Новый консилиум психиатров принял эстафету от предыдущих и поставил тот же диагноз: в тюрьме продолжается его нарциссический роман, что позволяет герою в очередной раз избежать глубокой депрессии, с которой он ухитрялся играть в прятки всю жизнь. В то же время он сознает, что всякая попытка понять, всякое усилие с его стороны воспринимается как любование собой в чужом обличье — это как игра краплеными картами. «Ему уже никогда не добиться, — сказано в заключении, — чтобы его лицо восприняли как истинное, и он сам боится, что так и не узнает, есть ли у него истинное лицо. Раньше окружающие верили всему, что он говорил, теперь не верят ничему, и он сам не знает, чему верить, поскольку его подлинное „я“ ему недоступно и он воссоздает его, пользуясь интерпретациями, предлагаемыми психиатрами, следователем, прессой. Поскольку мы не можем сказать, что в данный момент он пребывает в состоянии душевной муки, представляется трудным говорить о психотерапевтическом лечении, которого сам он не просит, довольствуясь беседами с попечительницей. Можно только пожелать, чтобы он, пусть даже ценой меланхолической депрессии, риск которой по-прежнему серьезен, ослабил механизмы защиты и пришел к большей амбивалентности и аутентичности».
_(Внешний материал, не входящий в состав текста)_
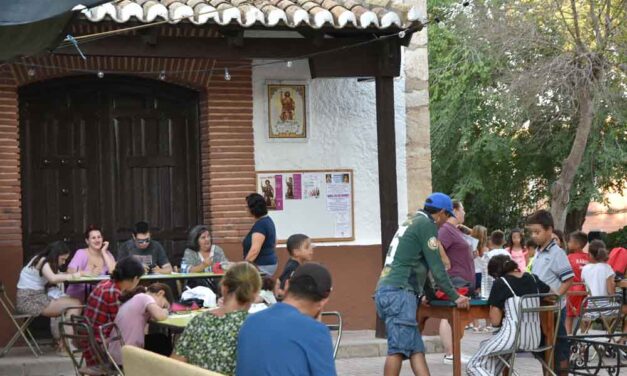 Las fiestas del barrio de San Roque se reducen a la función y al posterior concierto de la Banda Municipal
После беседы с ним один из психиатров сказал своему коллеге: «Не будь он в тюрьме, уже выступал бы у Мирей Дюма!»


Люк Ладмираль получал еще письма — на Пасху, на дни рождения детей. Детям их не показывали. Люк, которому эти послания жгли руки, быстро их проглядывал и сразу прятал в медицинскую карту несуществующего пациента, стоявшую на самой верхней полке в его кабинете, — оттуда он и достал их для меня. Последнее было датировано концом декабря.
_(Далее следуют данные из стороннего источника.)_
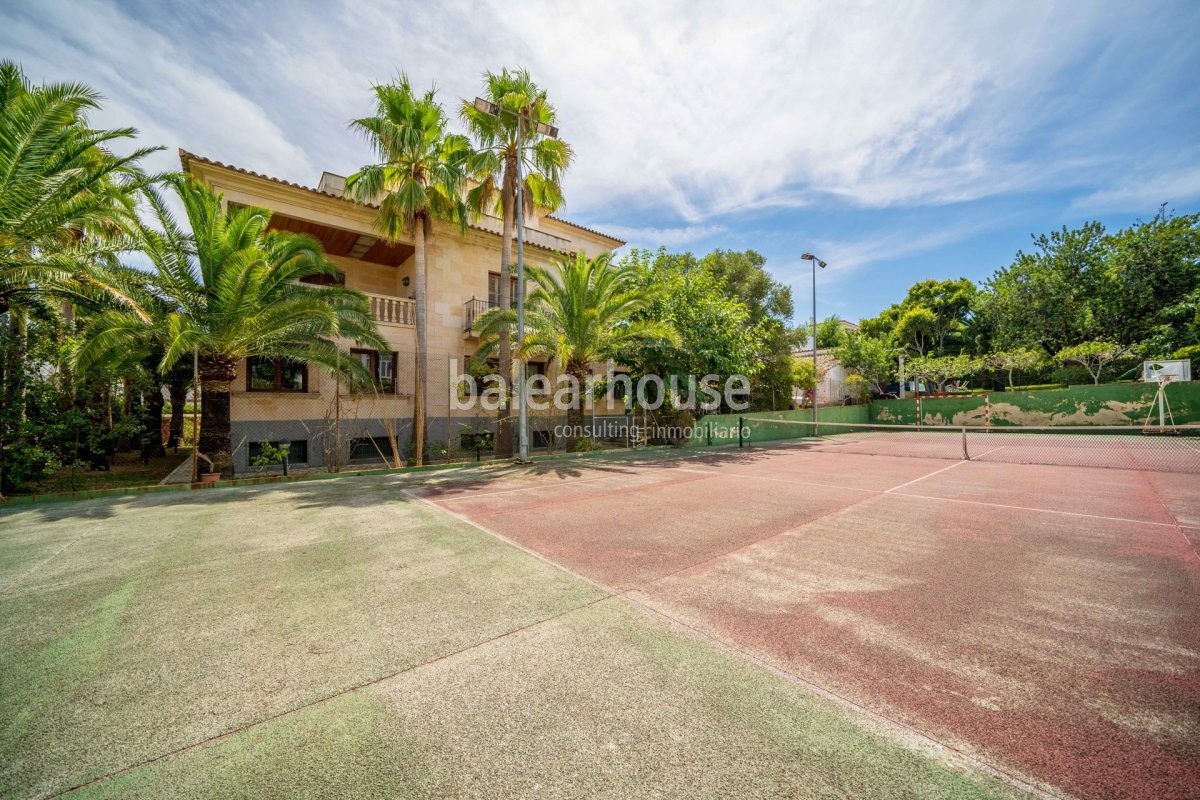 Fantástica casa señorial con grandes espacios exteriores dentro de la ciudad de Palma.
«…Мои мысли и молитвы свободно устремляются к вам, и они долетят до вас непременно, в этом мире или в ином. Несмотря на все, что встало между нами, и на твои „обиды навек“, я тебя понимаю и на твоем месте чувствовал бы то же самое: все то, что объединяло нас в прошлом, быть может, еще сблизит нас там, за гранью времени, где встречаются живые и мертвые. Пусть Рождество, которое для нас, христиан, является символом мира, спасенного Словом, воплотившимся в человека, воплотившимся в ребенка, принесет вам всем счастье. Я желаю вам тысячу радостей.

P.S. Быть может, я поступил бестактно, написав вам поздравления на дни рождения Софи и Жерома, но я, как и сегодня, молился, прежде чем взяться за перо: эти письма продиктовало сердце, и ко мне присоединились Флоранс, Каролина и Антуан».

«Спасибо за тысячу радостей, которые ты нам пожелал. Нам так много не надо», — заставил себя ответить Люк: все-таки было Рождество. На этом их переписка прекратилась.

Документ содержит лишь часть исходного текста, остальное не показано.